As far as smarmy millennial nepo-bosses are concerned, Dylan O’Brien might be the only actor who could conceivably portray someone so scuzzy, abusive, and wholly distasteful with a perceptible hint of relatability. As the false authority that capitalism has afforded him is shown to be a fantasy out in the real world, O’Brien’s gradual descent along the knife’s edge of horror at his situation is inherently comical, making it also all the more true to life. It doesn’t take long for Bradley to realize that Linda might not just be enjoying their time in secluded paradise, but she could be actively sabotaging potential rescue in an effort to stay longer, a life sentence built for two that he has no interest in signing up for. Thus begins the film’s second half, where, inconceivably, the audience’s loyalties are allowed to split between the savage Linda and the subservient Bradley, caught in a cat-and-mouse game of one-upmanship with neither knowing who can and cannot be trusted.

While the film’s status as “Misery on a Beach” is not unfounded, it is the subtleties of characters, their understandably selfish motivations, and our inherent biases that make for a wholly unique movie-going experience.

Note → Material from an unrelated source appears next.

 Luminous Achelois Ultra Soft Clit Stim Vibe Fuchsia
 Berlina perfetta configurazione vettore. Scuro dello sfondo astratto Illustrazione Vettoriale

A lesser film would have doubled down on the body horror, not unlike Annie Wilkes hobbling Paul Sheldon, leaving the film to be about a psycho woman finally allowed to unleash her baser natures and the man desperate to simply survive living with the employee from hell. Thankfully, Raimi has no interest in telling a surface-level story, with Shannon and Swift’s screenplay ever forefronting Linda, even at her most megalomaniacal, as our protagonist and emotional lynchpin. We’ve all had bad bosses before, all been made to feel small and helpless under the fluorescent lights of a cubicle office, all been forced to take a quick five minutes in the car to cry and summon the courage to step back inside with a smile as if nothing had ever happened. The wish fulfillment of “Send Help” is a primal one, as tangible and universal an experience as breathing or, seemingly, being a fan of “Survivor”. Norman Bates once opined that “we all go a little mad sometimes,” and that may be true, but what if a little madness is justified? In a world where power dynamics are cast by the lots of the universe, rarely on merit and often on cruelty, why wouldn’t we cheer Linda getting what she wants for once in her life? It’s her dream to live out a “Survivor” adventure, to prove she can outwit, outplay, and outlast in a hostile world, and I contend she deserves it. Don’t we all.

“Send Help” is a riot with a shocking level of depth that showcases Sam Raimi as the all-time great moviemaker that he is. Having only made three films in the last ten years, anytime we get a new Raimi picture in cinemas, it’s worthy of celebration. But when it’s something this original, this nuanced, this bloody and entertaining, consider us eagerly, ravenously, sat.

Have fun with the eye stuff.

You’ll be glad you did.

“Send Help” is playing at Prytania Theatres at Canal Place.